Brief Fact Summary. When investigating a shooting in an apartment, a police officer moved certain stereo equipment, which was very fancy and looked out of place, and learned that it had been taken during an armed robbery.
Synopsis of Rule of Law. Only when a police officer had probable cause, not reasonable suspicion, could they invoke the “plain view” doctrine.
The Respondent was indicted for robbery. The state trial court granted the Respondent’s motion to suppress, the Arizona Court of Appeals affirmed, the Arizona Supreme Court refused to review, and the state filed a petition to the Supreme Court.
Issue. Did the officer’s conduct constitute a seizure?
Did the officer’s conduct constitute a search?
Can the “plain view” doctrine be invoked when the police have less than probable cause to believe that the item in question is evidence of a crime or is contraband? Was the search reasonable under the Fourth Amendment?
Held. No. The majority first observed “the mere recording of the serial numbers did not constitute a seizure.”
Yes. The court observed that the officer’s moving of the equipment did “constitute a ‘search’ separate and apart from the search for the shooter, victims, and weapons that was the lawful objective of his entry into the apartment.” The officer’s actions were “unrelated to the objectives of the authorized intrusion, [and] exposed to view concealed portions of the apartment or its contents, did produce a new invasion of respondent’s privacy unjustified by the exigent circumstance that validated the entry.”

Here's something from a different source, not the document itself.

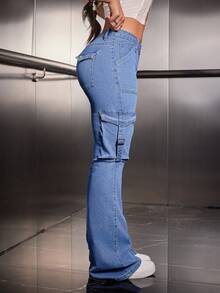 SHEIN ICON Women's Solid Color Retro Cargo Denim Flare Pants - Medium Wash - View 3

No. The majority first observed that the general rule dictates that pursuant to [Coolidge] “under certain circumstances the police may seize evidence in plain view without a warrant.” These occasions occur “[w]here the initial intrusion that brings the police within plain view of such [evidence] is supported . . . by one of the recognized exceptions to the warrant requirement.” The majority then held that only when a police officer had probable cause, not reasonable suspicion, could they invoke the “plain view” doctrine.
In support of this conclusion, the court reasoned that “[d]ispensing with the need for a warrant is worlds apart from permitting a lesser standard of cause for the seizure than a warrant would require, i. e., the standard of probable cause. No reason is apparent why an object should routinely be seizable on lesser grounds, during an unrelated search and seizure, than would have been needed to obtain a warrant for that same object if it had been known to be on the premises.”
Dissent. Justice Powell, the Chief Justice and Justice Sandra Day O’Connor drafted a dissenting opinion pointing out how the court “holds for the first time that the requirement of probable cause operates as a separate limitation on the application of the plain-view doctrine.” “The [dissent observes how the majority] holds that ‘merely looking at’ an object in plain view is lawful, but ‘moving’ or ‘disturbing’ the object to investigate a reasonable suspicion is not.” In other words, “this distinction between ‘looking’ at a suspicious object in plain view and ‘moving’ it even a few inches trivializes the Fourth Amendment.”
Justice Sandra Day O’Connor, the Chief Justice and Justice Powell filed a dissenting opinion arguing that the majority was addressing the wrong question and the correct questions was “whether police must have probable cause before conducting a cursory inspection of an item in plain view.” In answering this question, the dissenting justices would have found “that such an inspection is reasonable if the police are aware of facts or circumstances that justify a reasonable suspicion that the item is evidence of a crime.”
Discussion. It is interesting to recognize how the different opinions treat the movement of an individual’s property a few inches.